On the installment method, a portion of each payment other than interest represents part of your gain and is taxable. This taxable gain amount is based on the gross profit percentage or ratio, which is figured by dividing gross profit by the contract price. The contract price is the same as the selling price unless an adjustment is made for an existing mortgage assumed or “taken subject to” by the buyer. The term contract price is used in the computation to describe only payments that the seller receives or is considered to have received. Thus, it does not include the buyer’s assumption of an existing mortgage; see below for the mortgage adjustment to contract price. By following the line-by-line instructions to Form 6252, you get the gross profit percentage. Selling price, gross profit, and contract price are explained in the following paragraphs.
Interest equal to the applicable federal rate must generally be charged on a deferred payment sale. Otherwise, the IRS treats part of the sale price as interest (4.32).
Include cash, fair market value of property received from the buyer, the buyer’s notes (at face value), and any outstanding mortgage on the property that the buyer assumes or takes subject to. If, under the contract of sale, the buyer pays off an existing mortgage or assumes liability for any other liens on the property, such as taxes you owe, or pays the sales commissions, such payments are also included in the selling price.
Interest, including minimum interest imputed under the rules in 4.32, is not included in the selling price.
Notes of a third party given to you by the buyer are valued at fair market value.
Gross profit is the selling price less what the IRS calls installment sale basis, which is the total of adjusted basis of the property (5.20), selling expenses, such as brokers’ commissions and legal fees, and recaptured depreciation income, if any (44.1).
Divide the gross profit by the contract price to get the gross profit percentage. Each year, you multiply this percentage by your payments to determine the taxable amount under the installment method.
To figure the gross profit percentage first reduce the selling price by the amount of your existing mortgages that the buyer assumes or takes the property subject to. The reduced amount is the contract price. You then divide your gross profit by the contract price to get the gross profit percentage.
If the mortgage exceeds your installment sale basis (total of adjusted basis of the property, selling expenses, and depreciation recapture), you are required to report the excess as a payment received in the year of sale and also increase the contract price by that excess amount. Where the mortgage equals or exceeds your installment sale basis, the gross profit percentage will be 100%; see Example 3 below.

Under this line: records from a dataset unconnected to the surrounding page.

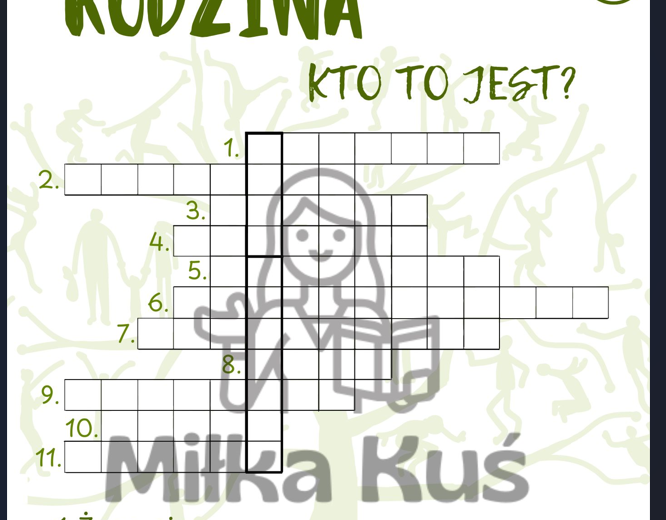 Krzyżówka - rodzina B1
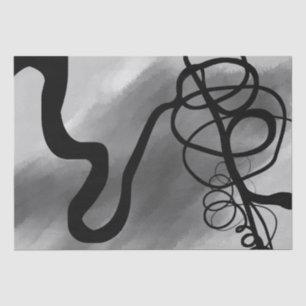 Papel De Seda Na grade: Cinza Abstrato, Preto e Branco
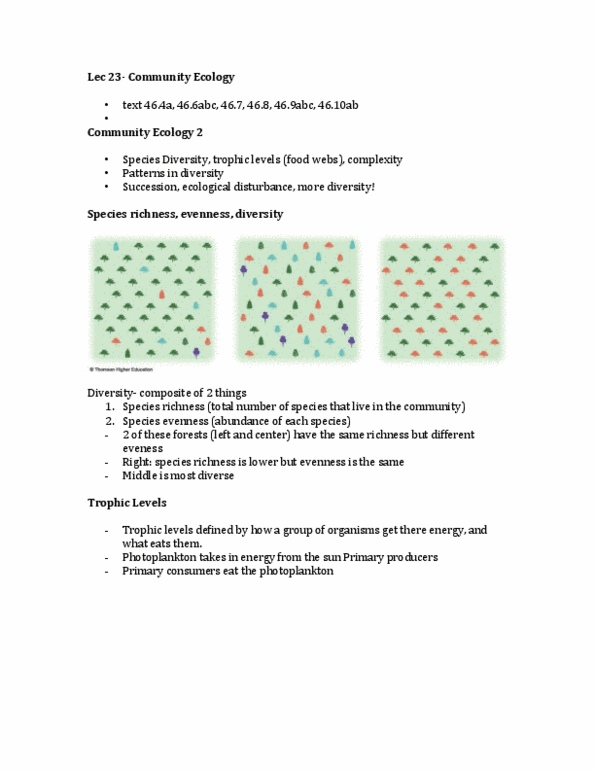 Biology 1001A Lecture Notes - Insular Biogeography, Herbivore, Ecological Succession thumbnail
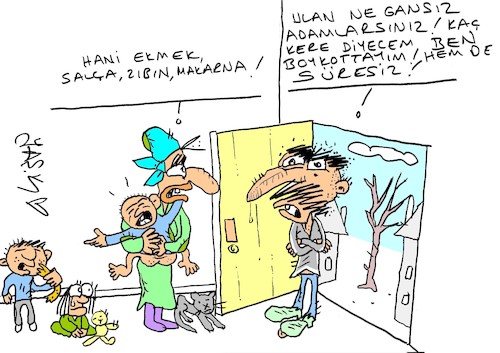 Cartoon: boycott (medium) by yasar kemal turan tagged boycott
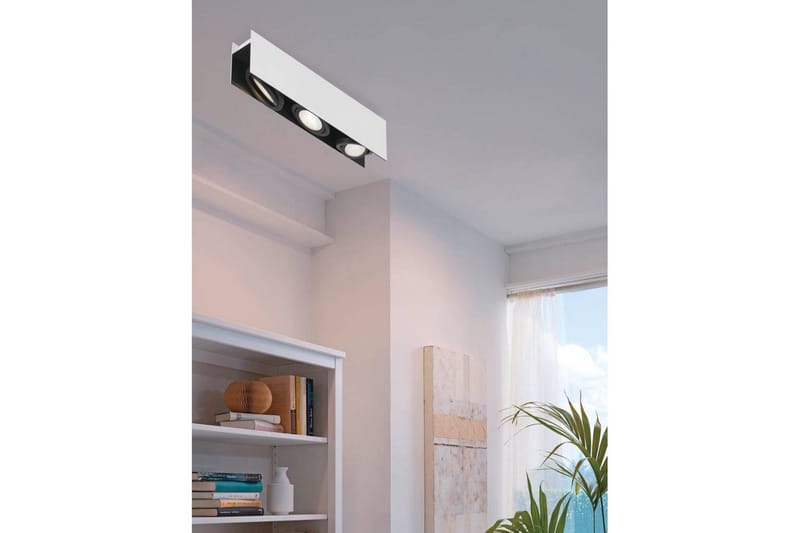 Takbelysning Eglo Vidago Vit/Svart 3 Lampor - 3 Lampor - Belysning - Lampor & belysning inomhus - Taklampa & takbelysning - Takplafond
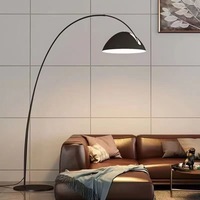 Lampadaire Arc Minimaliste Nordique de Luxe, Base en Fer, Abat-jour en Pierre, LED CRI 95 Élevé pour Salon, Chambre, Côté Canapé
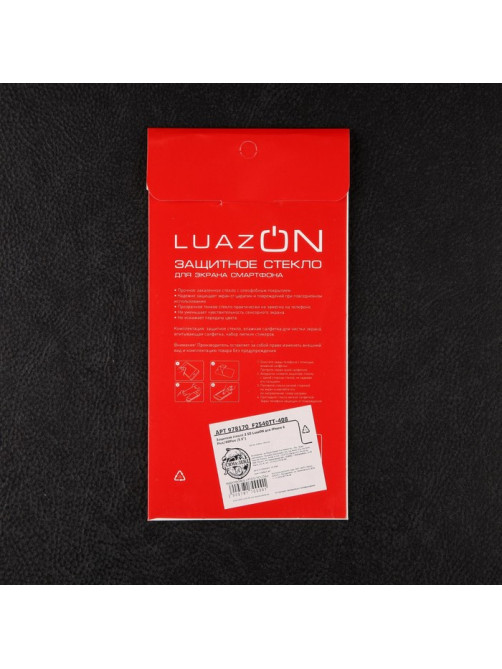 Защитное стекло 2.5D Luazon для iPhone 6 Plus/6S Plus (5.5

Selling price (including mortgage) | $90,000 |
Less: Mortgage | 60,000 |
$30,000 | |
Add: Excess of mortgage ($60,000) over installment sale basis ($50,000) | 10,000 |
Contract price | $40,000 |
Selling price | $90,000 |
Less: Installment sale basis | 50,000 |
Gross profit | $40,000 |
Gross profit percentage ($40,000 gross profit÷ $40,000 contract price) | 100% |
In a wraparound mortgage transaction, the buyer does not assume the seller’s mortgage or take the property subject to it, but instead makes payments that cover the seller’s outstanding mortgage liability. At one time, the IRS treated a wraparound mortgage transaction as an assumption of a mortgage by the buyer and required a reduction of the selling price by the mortgage to compute the contract price. The Tax Court rejected the IRS position, and the IRS acquiesced in the decision. Currently, the IRS does not require a reduction of selling price for a wraparound mortgage in the Form 6252 instructions or in Publication 537; see Example 4 above.
If the selling price is changed during the period payments are outstanding, the gross profit percentage is refigured on the new selling price. The adjusted profit ratio is then applied to payments received after the adjustment.
Payments include cash, the fair market value of property or services received, and payments on the buyer’s notes. Payments do not include receipt of the buyer’s notes or other evidence of indebtedness, unless payable on demand or readily tradable. “Readily tradable” means registered bonds, bonds with coupons attached, debentures, and other evidences of indebtedness of the buyer that are readily tradable in an established securities market. This rule is directed mainly at corporate acquisitions. A third-party guarantee (including a standby letter of credit) is not treated as a payment received on an installment obligation.
If the buyer has assumed or taken property subject to a mortgage that exceeds your installment sale basis (adjusted basis plus selling expenses plus depreciation recapture, if any), you include as a payment in the year of the sale the excess of the mortgage over the installment basis; see the Johnson Example below.
If, as security for a loan, you pledge an installment obligation from a sale of property of more than $150,000 (excluding farm property, personal-use property and timeshares and residential lots), the net loan proceeds must be treated as a payment on the installment obligation. The net loan proceeds are treated as received on the later of the date the loan is secured and the date you receive the loan proceeds. These pledging rules do not apply if the debt refinances a debt that was outstanding on December 17, 1987, and secured by the installment obligation until the refinancing. If the refinancing exceeds the loan principal owed immediately before the refinancing, the excess is treated as a payment on the installment obligation. See the Form 6252 instructions.